**TASK**: Every line below is to be given again precisely; images are to be left out.

[Collection entries]
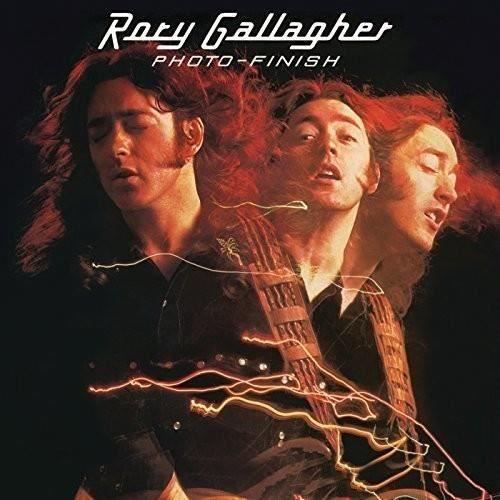 Rory Gallagher - Photo Finish [CD] UK - Import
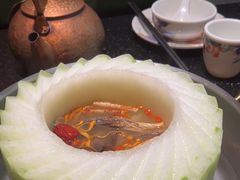 -得意咚瓜·顺德鱼生·冬瓜火锅(深圳首店)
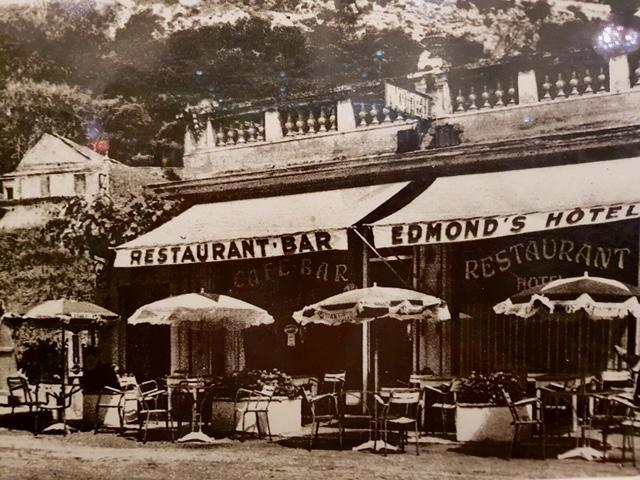 Restaurant Edmond's 2*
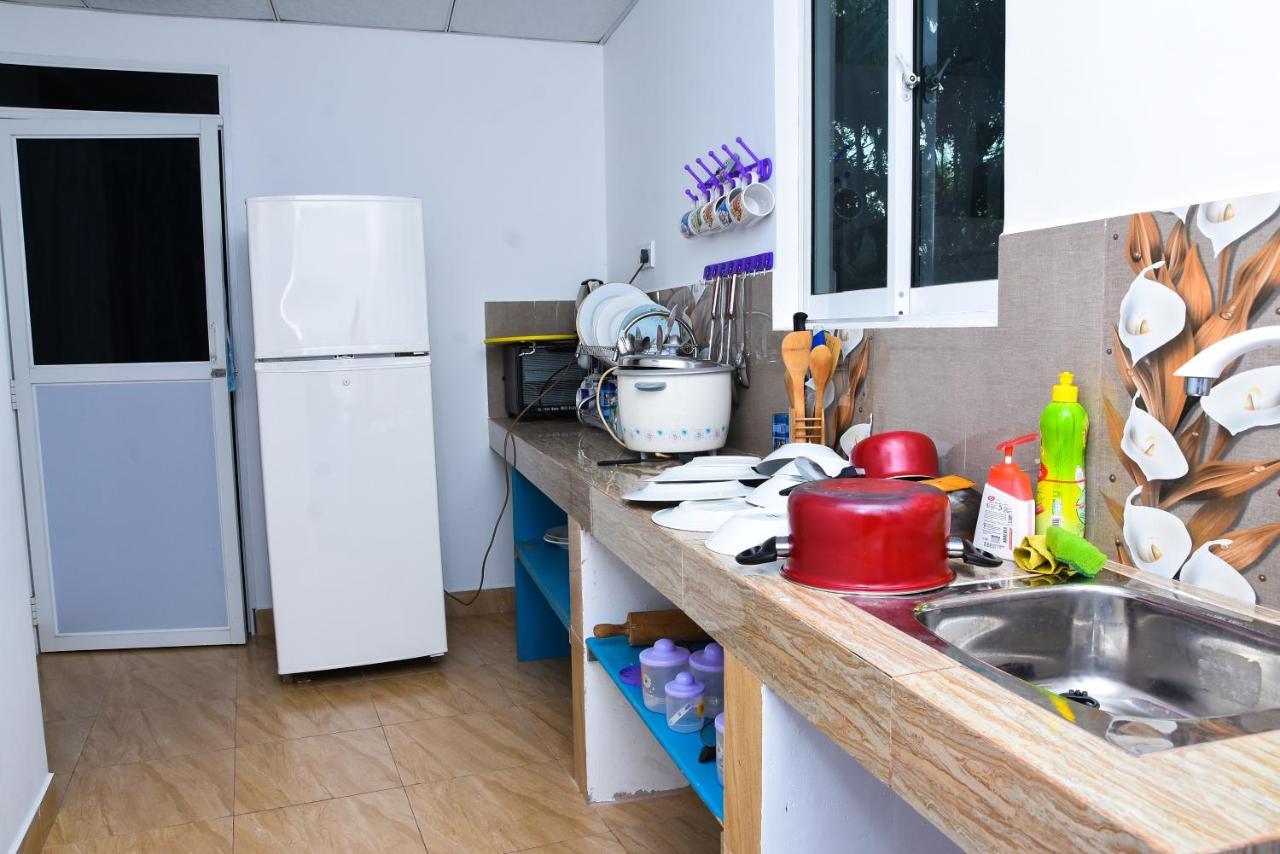 Rashmi Homestay Balapitiya Exteriér fotografie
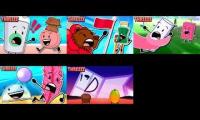 THREEEE 1-5 all episodes at once - Youtube Multiplier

**ANSWER SPACE**:
 Rory Gallagher - Photo Finish [CD] UK - Import
 -得意咚瓜·顺德鱼生·冬瓜火锅(深圳首店)
 Restaurant Edmond's 2*
 Rashmi Homestay Balapitiya Exteriér fotografie
 THREEEE 1-5 all episodes at once - Youtube Multiplier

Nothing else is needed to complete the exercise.